Chez ces souris, le traitement par une association d’antioxydants incluant l’α-tocophérol, la N-acétyl-cystéine et l’acide α-lipoïque inverse les lésions oxydatives, améliore le déficit énergétique ainsi que la dégénérescence axonale et l’atteinte locomotrice. Le stress oxydatif semble donc être sous-jacent à la dégénérescence axonale de l’adrénoleucodystrophie ; il est l’une des caractéristiques de la pathogenèse de l’X-ALD.

Notre groupe a contribué à démontrer le déséquilibre en glutathion présent dans le sang de patients atteints d’X-ALD, soulignant ainsi l’importance des formes de déséquilibre du glutathion (sa forme oxydée versus sa forme réduite) comme caractéristique et biomarqueur potentiel de cette maladie.

Plus récemment, un nouveau médicament, nommé EPI-743 (alphatocotriénol quinone), a été conçu pour reconstituer le glutathion sous forme réduite (forme anti-oxydante). Le mécanisme d’action exact d’EPI-743 n’ait pas encore déterminé, mais il a été montré que EPI-743 est un protecteur in vitro puissant des cellules prélevées chez des patients souffrant de maladies de la chaîne respiratoire mitochondriale, comme l’ataxie de Friedreich, le syndrome de Leigh (SURF1) et la neuropathie optique héréditaire de Leber.

Six patients souffrant de la neuropathie optique héréditaire de Leber sont actuellement traités avec EPI-743 dans le cadre d’études thérapeutiques d’urgence menées en ouvert. Des améliorations de l’acuité visuelle, du champ visuel et de la vision des couleurs ont été observées.

Plusieurs patients pédiatriques souffrant du syndrome de Leigh, du syndrome de Kearns-Sayre, de déficience en POLG1, du syndrome MELAS et de l’ataxie de Friedreich sont actuellement traités par EPI-743 dans le cadre d’études cliniques en ouvert.

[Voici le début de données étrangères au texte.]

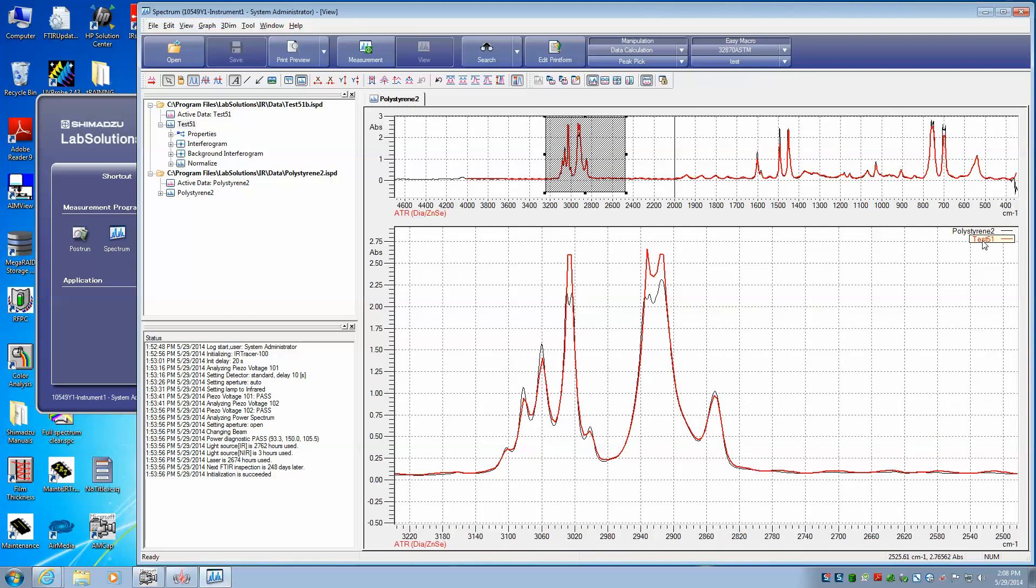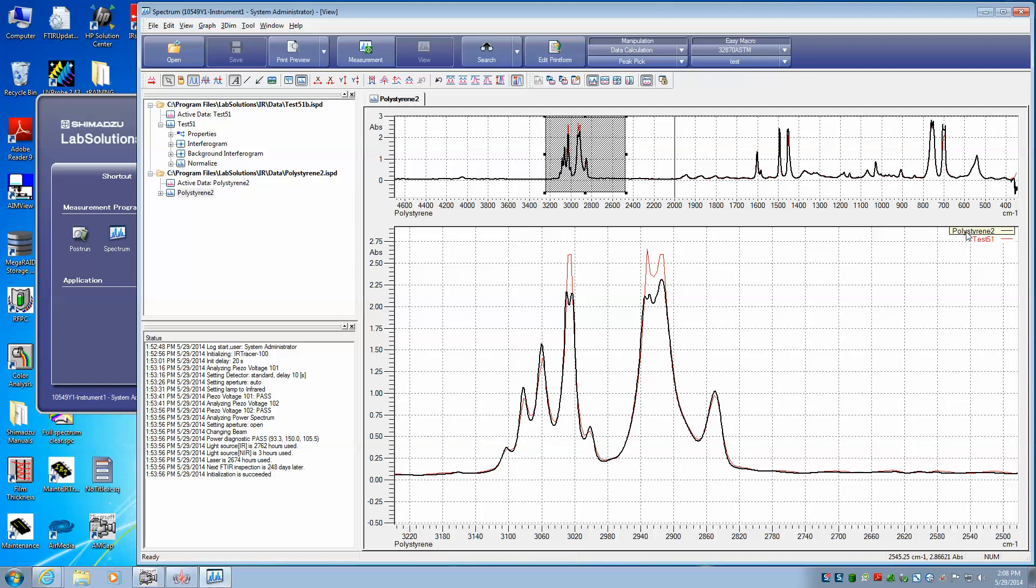and the one that's highlighted has the darker line. So right now the test 51 is the selected file, and over here you can see that it's lightly grayed out. If I go back over and click on the polystyrene, the black then becomes a heavier line, and you can see that the gray is switched from the test 51 over here to the polystyrene 2.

Il a été observé une amélioration clinique associée à celle des biomarqueurs.

Dans un essai de phase 2A récemment achevé, EPI-743 a été associé à des signes d’amélioration neurologique chez 10 enfants inclus atteints d’un syndrome de Leigh.

Notre objectif est de déterminer, dans une étude ouverte, l’efficacité et la sécurité d’EPI-743 chez 10 patients souffrant d’adrénomyéloneuropathie (AMN) liée à l’X.

L’objectif principal de cette étude est d’évaluer l’effet d’EPI-743 administré par voie orale à des sujets atteints d’AMN sur la modification de l’association entre le score clinique de l’ALD de l’adulte (AACS, Adult ALD Clinical Score) et l’échelle de notation de la dépendance (mRS-9Q) entre l’état initial et la fin des 48 semaines de traitement.

Les objectifs secondaires de cette étude sont évalués entre l’état initial et jusqu’à 48 semaines de traitement. Ils consistent à :

• évaluer la sécurité d’EPI-743 pendant 48 semaines consécutives ;
• évaluer l’effet d’EPI-743 sur les fonctions motrices (distance parcourue au test de marche de 6 minutes (6MWT), temps nécessaire à parcourir une distance de 25 pieds (T25FW) ;
• évaluer l’effet d’EPI-743 sur la progression de la maladie évaluée par l’échelle d’amélioration de l’impression clinique globale (CGIIMP);
• évaluer l’effet d’EPI-743 sur l’évolution de la qualité de vie (questionnaire SF-36) ;
• évaluer l’effet d’EPI-743 sur l’évolution du potentiel évoqué auditif du tronc cérébral ;
• évaluer l’effet d’EPI-743 sur l’évolution des taux hormonaux ;
• explorer l’effet d’EPI-743 sur la modification de composants du cycle du glutathion.